### Short descriptive text snippets
_ _ _ _ _

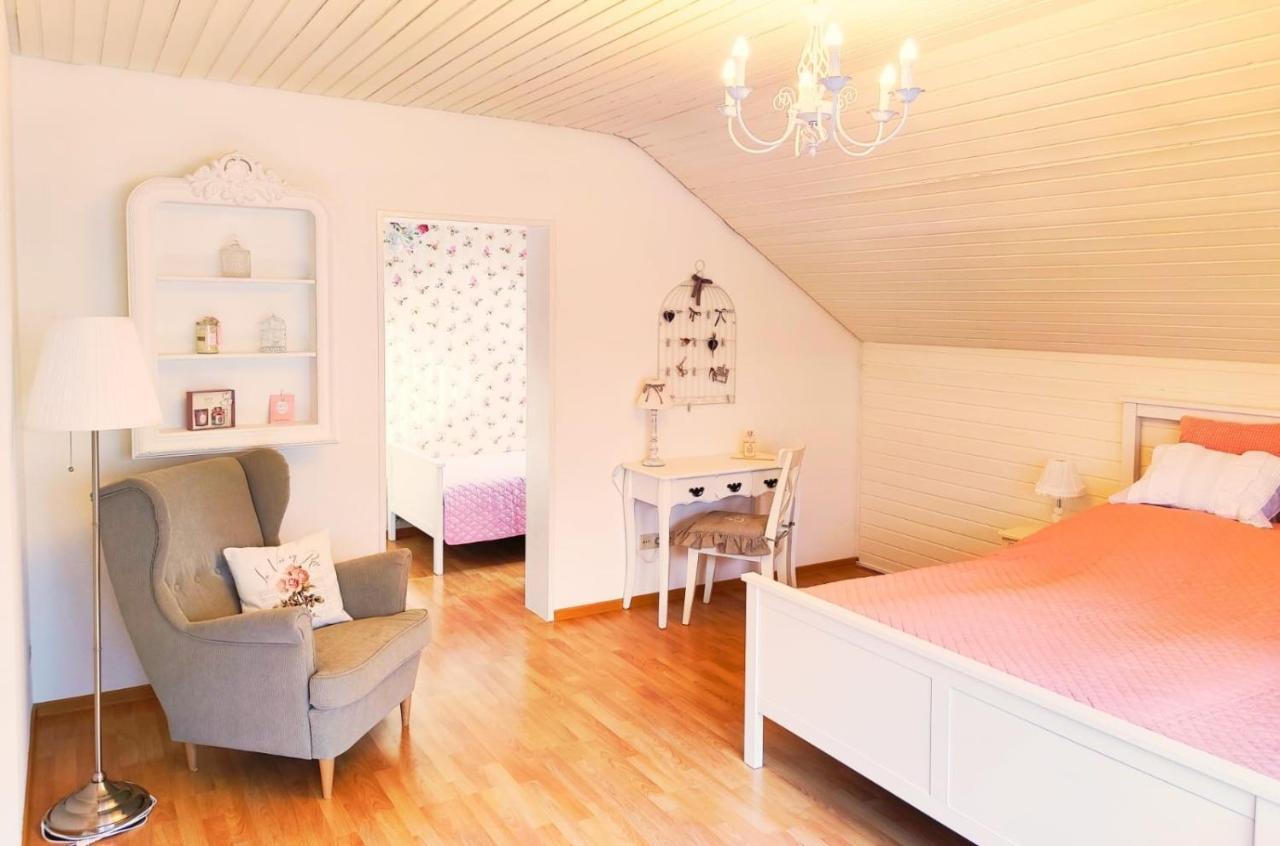 Romantic Style Apartment Titisee Esterno foto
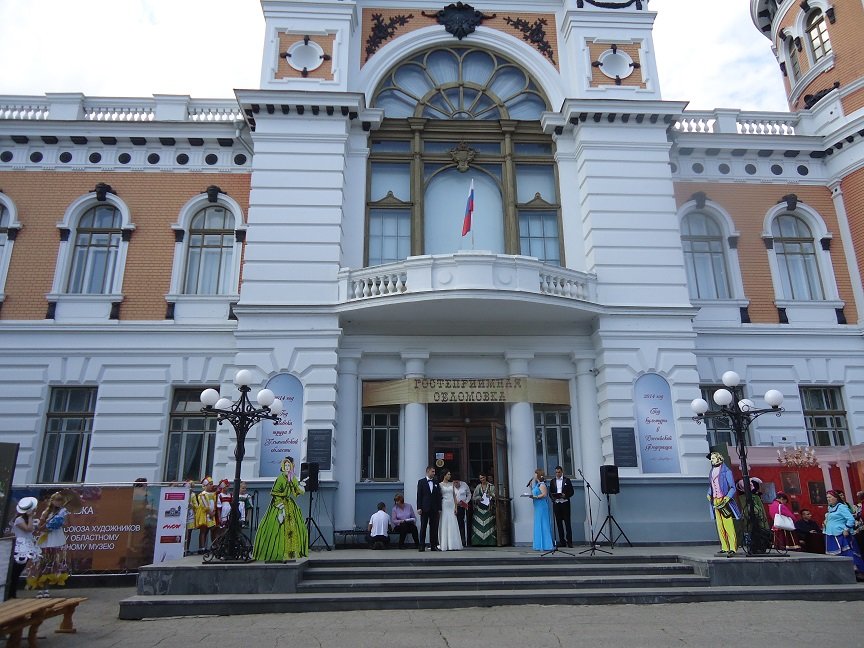 Фотоотчет с «Обломовского фестиваля» в Ульяновске, фото-12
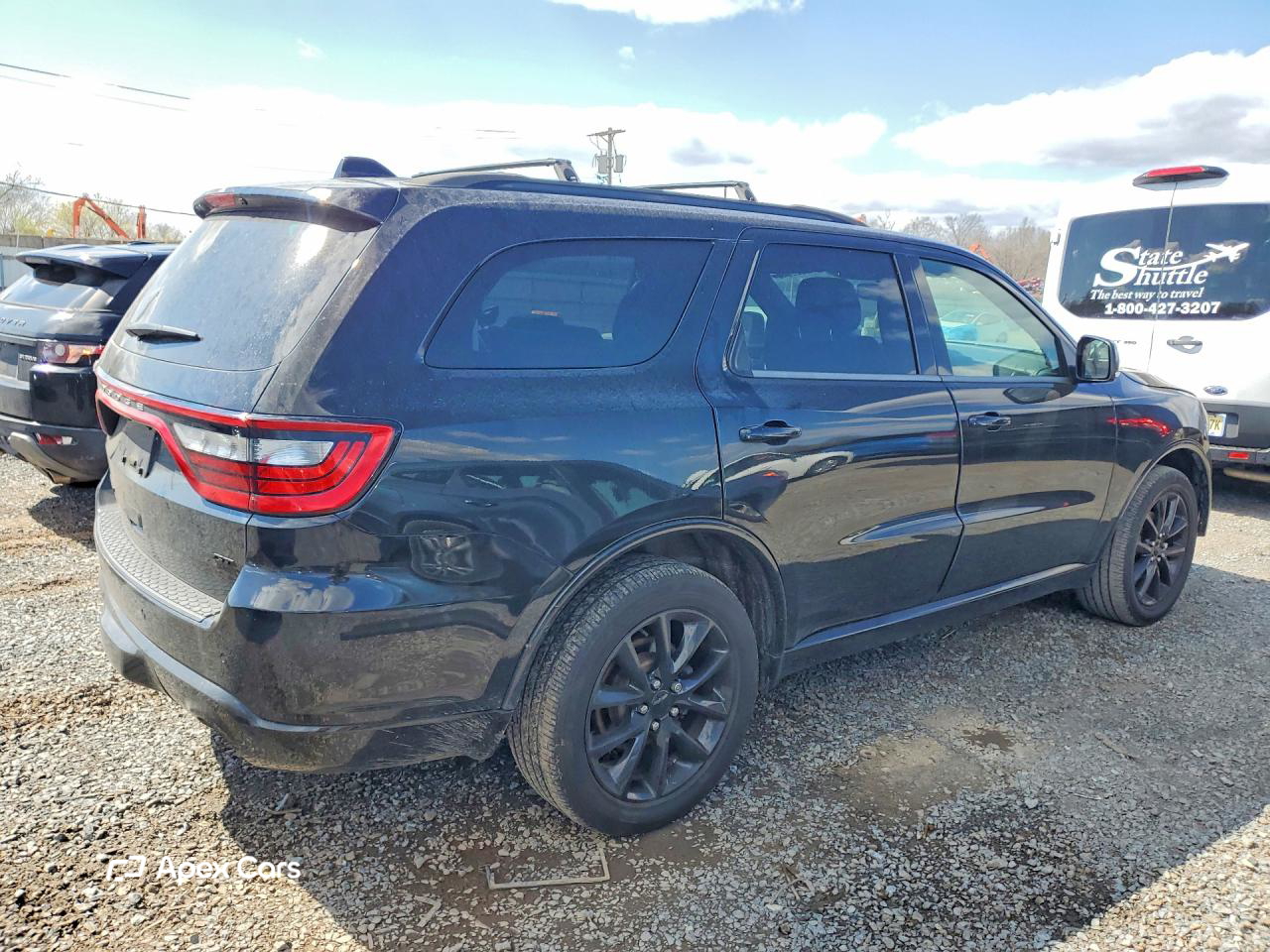 Dodge Durango 2018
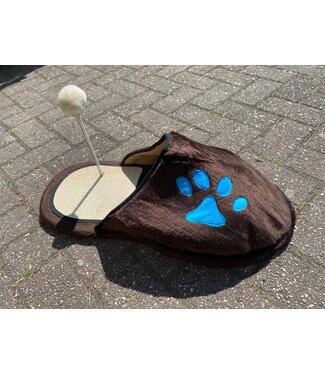 Papillon *Krabplank/Pompom "SLOF"
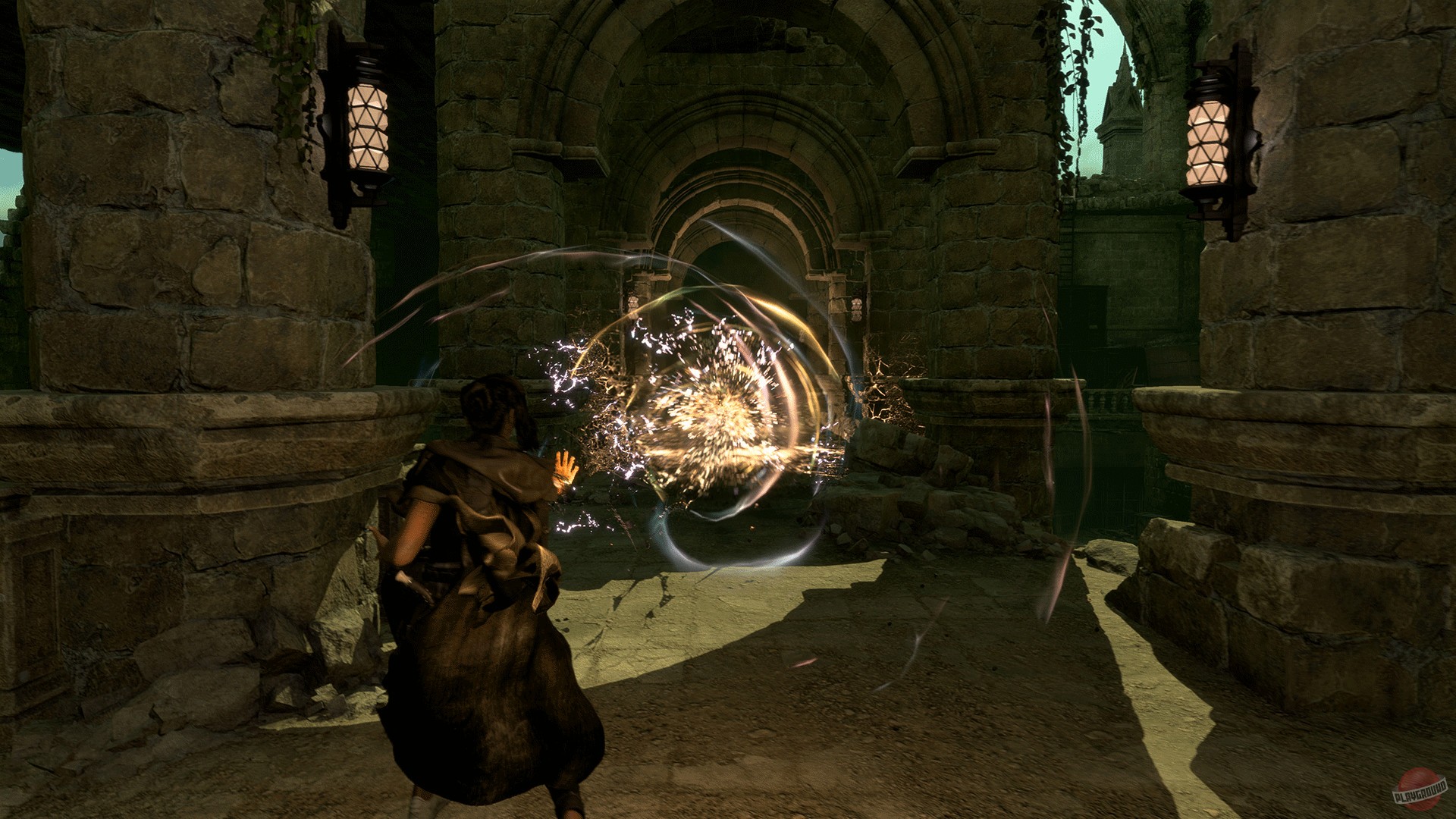Скриншот из игры Forspoken - 4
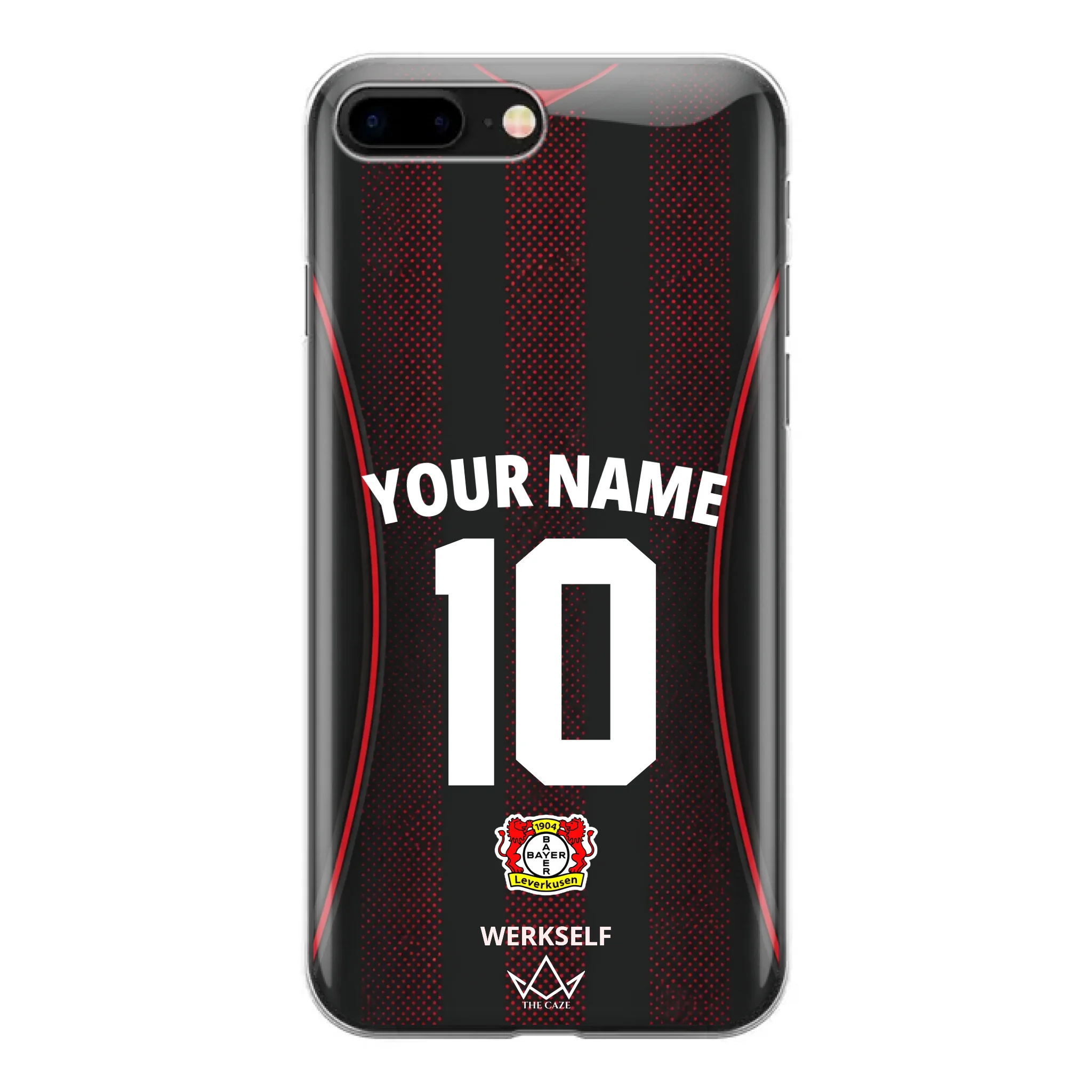 Coque iPhone Football Bayer Leverkusen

_ _ _ _ _

Set down all the data again exactly as above, pictures excluded.

 Romantic Style Apartment Titisee Esterno foto
 Фотоотчет с «Обломовского фестиваля» в Ульяновске, фото-12
 Dodge Durango 2018
 Papillon *Krabplank/Pompom "SLOF"
Скриншот из игры Forspoken - 4
 Coque iPhone Football Bayer Leverkusen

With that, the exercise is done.